- Native name: Тар (Kyrgyz)

Location
- Country: Kyrgyzstan
- Region: Osh Region
- District: Kara-Kulja District

Physical characteristics
- Source: Alay Range
- • coordinates: 40°20′41″N 74°54′24″E﻿ / ﻿40.34472°N 74.90667°E
- • elevation: 3,958 m (12,986 ft)
- Mouth: Kara Darya
- • coordinates: 40°38′43″N 73°25′29″E﻿ / ﻿40.6453°N 73.4246°E
- Length: 192 km (119 mi)
- Basin size: 4,420 km^{2} (1,710 sq mi)
- • average: 45.7 m³/s
- • minimum: 8.9 m³/s
- • maximum: 214 m³/s

Basin features
- Progression: Kara Darya→ Syr Darya→ North Aral Sea
- • right: Terek, Kulun

= Tar (Kyrgyzstan) =

The Tar (Тар Tar, in its upper course Alaykuu Алайкуу) is a river in the Kara-Kulja District of the Osh Region of Kyrgyzstan. It originates on the northern slopes of the Alay Range (Pamir-Alay) and on the southwestern slopes of the Fergana Range. At its confluence with the river Kara-Kulja, east of Uzgen, it forms the Kara Darya. The section of the Tar upstream from the mouth of the Terek river is known as Alaykuu.

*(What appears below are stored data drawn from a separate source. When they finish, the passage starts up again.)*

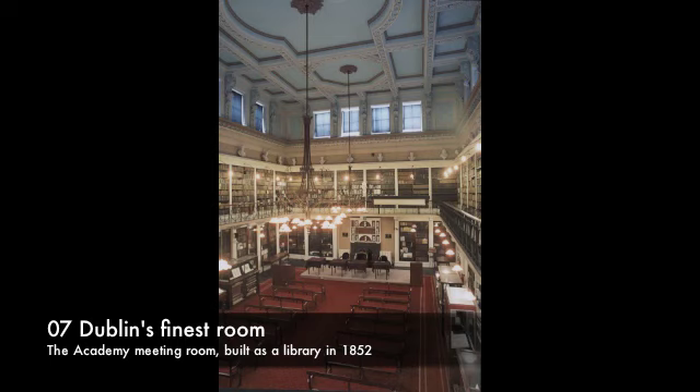Dublin's finest room. The Academy Meeting Room is one of Dublin's finest and most unusual rooms, and it's packed with history. The simple wooden benches look very ordinary, but those at the back of the room came from the original Irish Parliament, or Grattan's Parliament. The Academy acquired them after a fire in the Parliament building in 1792.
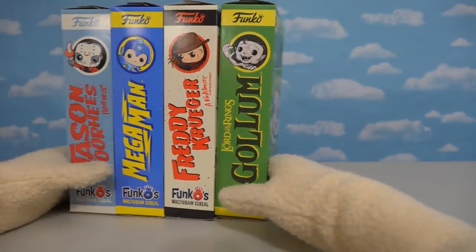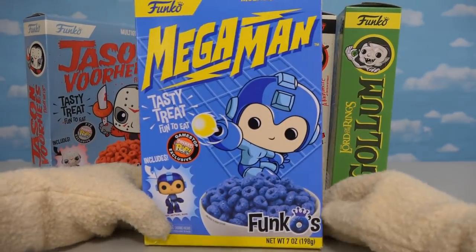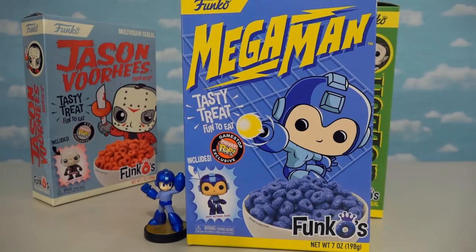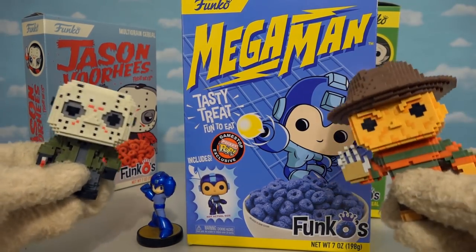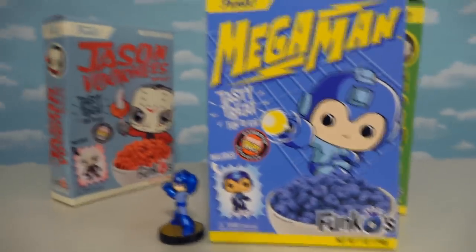Now if I had to pick a favorite, well, it'd have to be this Mega Man cereal because I just love good old Mega Man! I knew you'd pick me because I'm so cool! You got it Mega Man! What? You didn't pick us? We're gonna teach you a lesson! Oh no, go away! Leave me alone!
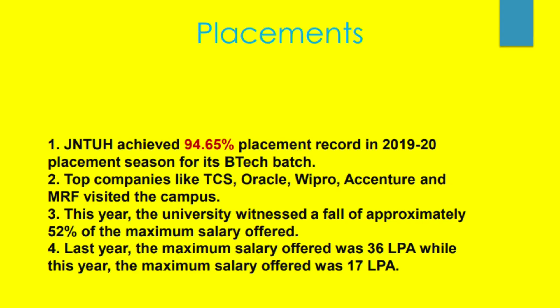The next point is placements. This is the most important thing everyone looks at before joining any engineering college. JNTU actually has around 94.65% placement rate in 2019 and 2020. This is wonderful — it is almost equal to all top IITs and NITs. The top companies come for placements every year, and the salary packages are excellent.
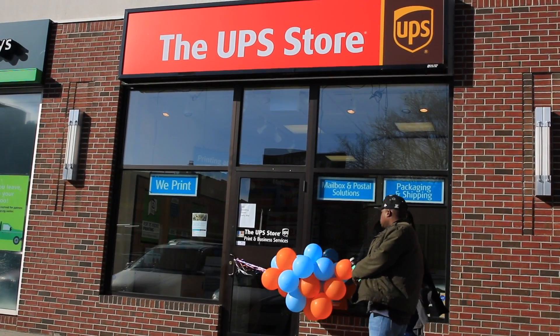UPS is a well-known brand. There's a ton of support behind you. It's established, so we decided to go UPS.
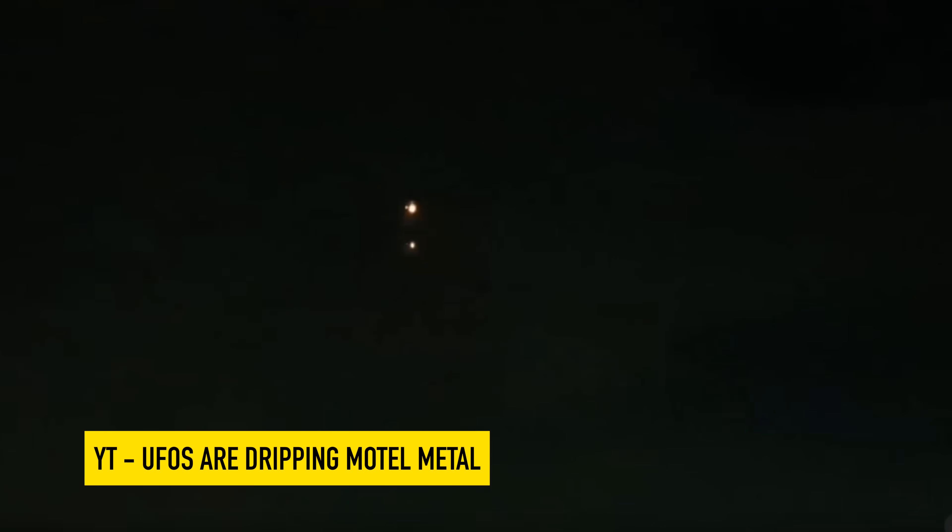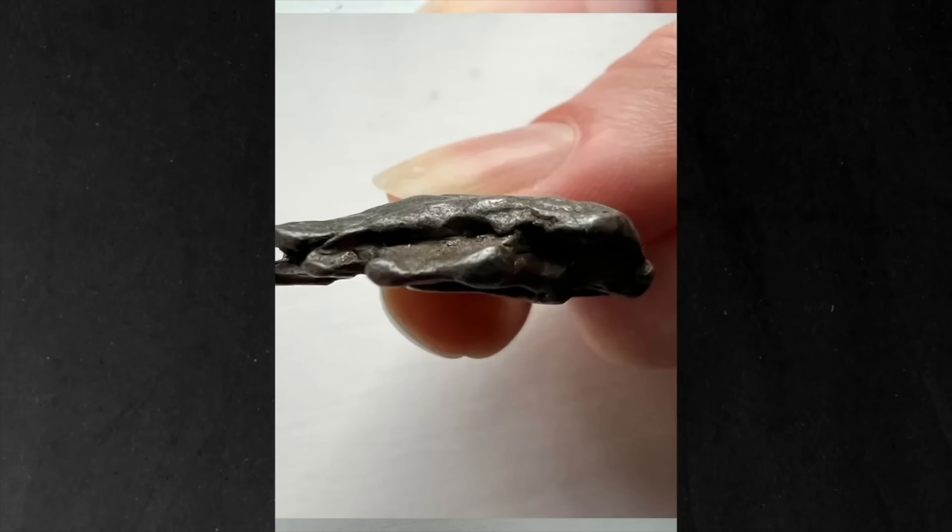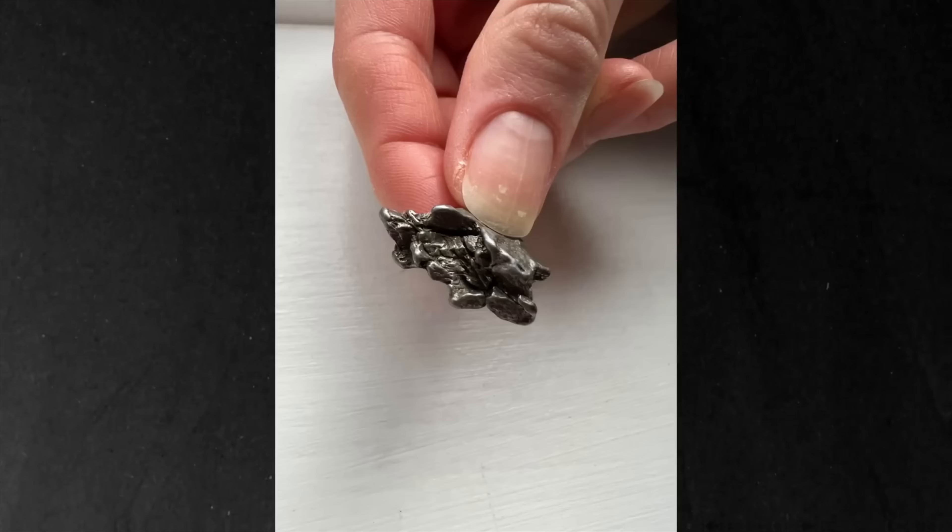Here's a report of a classic case of a dripping UAP that somebody saw in southern England. This is getting insane. Somebody just recovered molten metal that was dropped from a drone that was hovering behind their house in Wickham, England. The user posted these pictures on Reddit with the following statement.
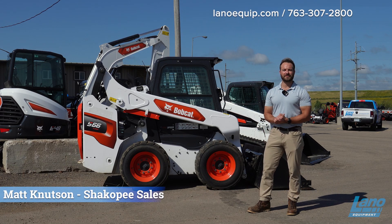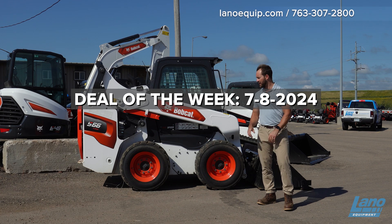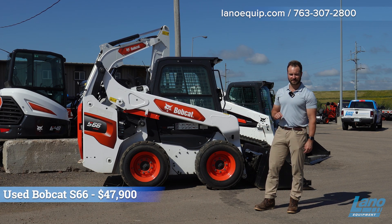Hey guys, Matt here from Lano Equipment. Today is July 8th and this week's deal of the week is a 2022 Bobcat S66.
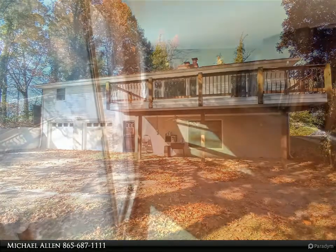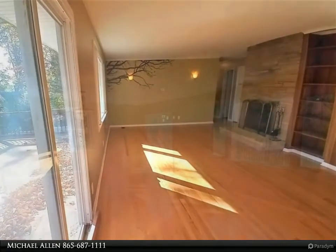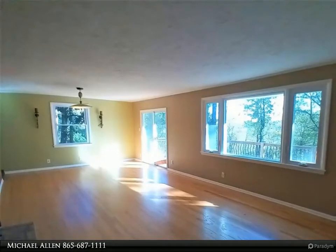Entertain on the large tile-covered deck off the living and dining room area, or under the covered patio — both overlook a quiet, large yard. The basement is separated by stairs and could be rented out. Park in the garage or driveway and walk in with no stairs to the lower level.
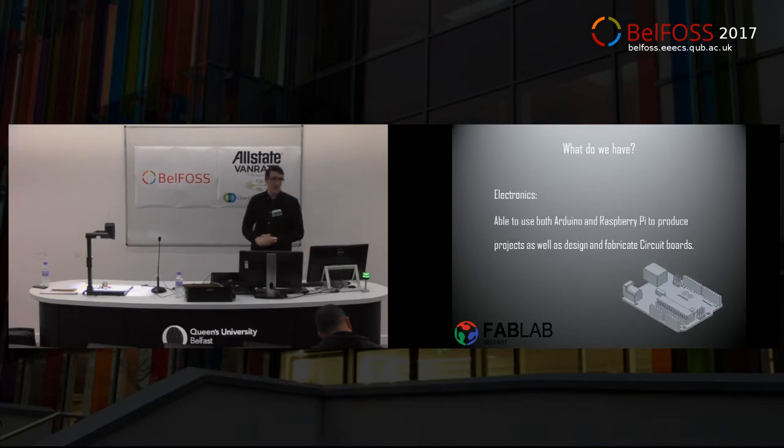So what do we have? First of all, we have electronics. As I said before, we can mill electronics, but we're also able to use Arduino and Raspberry Pis — those are open source hardware. Going along with the ethos of the FabLab, we can actually use this hardware to prototype before we go anywhere near PCB manufacturing. For those of you familiar with an Arduino, it's a prototyping platform that we can plug stuff into and make it work — brilliant for making anything that needs sensing and moving.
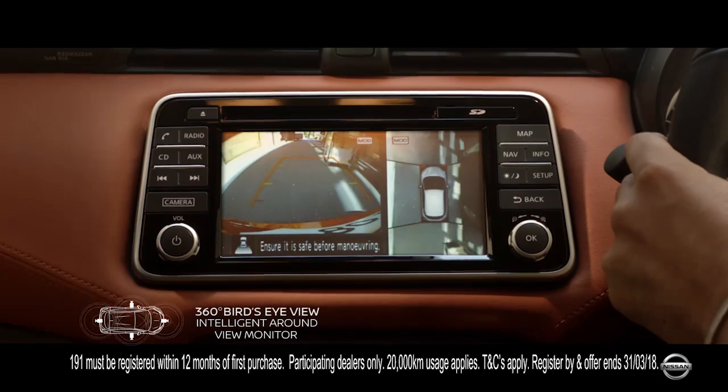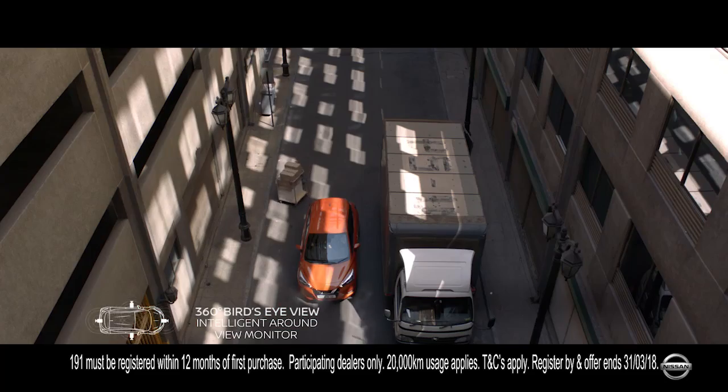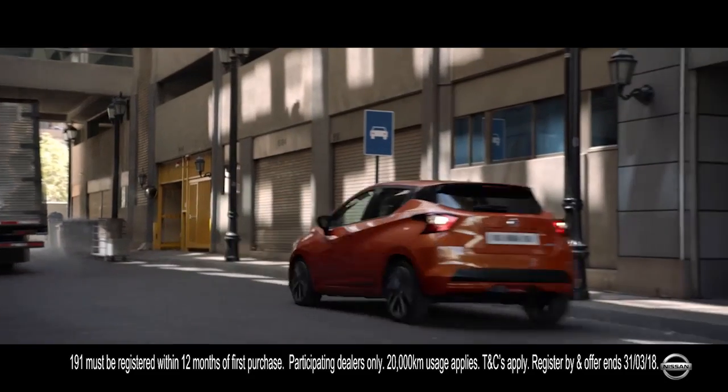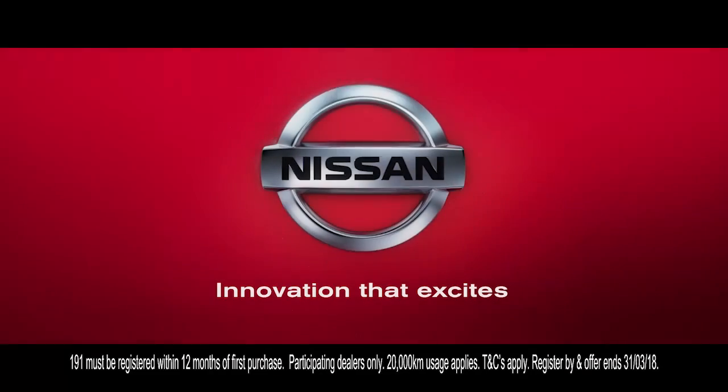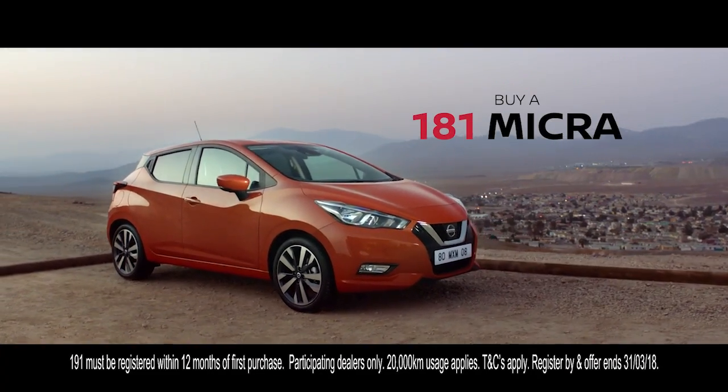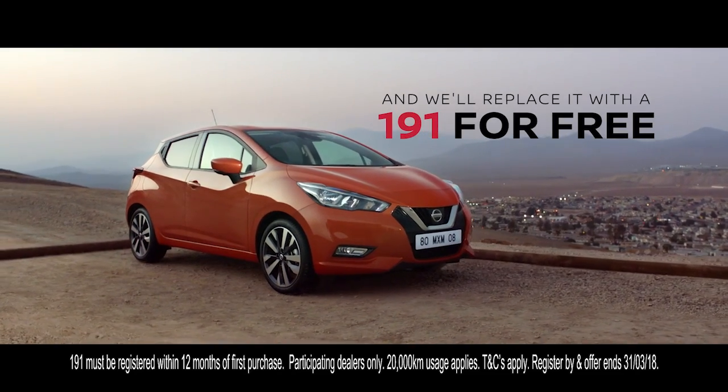Intelligent around view monitor with a 360 degree bird's eye view. Come discover one of the many technologies only available on the all new Nissan Micra. Buy a 181 Micra and we'll swap it with a 191 for free.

The Tar is 192 km long and drains a basin of 4420 km2.

==Course==
In its middle course, the river flows through small valleys and deep (1–2 km) narrow gorges; in the lower course, it flows through the Alaykuu Valley.

==Hydrology==
The river’s average annual discharge is 45.7 m3/s, with peak flows of up to 214 m3/s in June–July and a minimum discharge of about 8.9 m3/s in January–February. It is fed mainly by snowmelt, glacial meltwater, and springs. The flow begins to rise in April and decreases in October. The Tar is an important source of irrigation water in the region.

==See also==
- Osh Oblast Encyclopedia. Chief Editorial Board of Kyrgyz Soviet Encyclopedia. Frunze, 1987 (in Russian).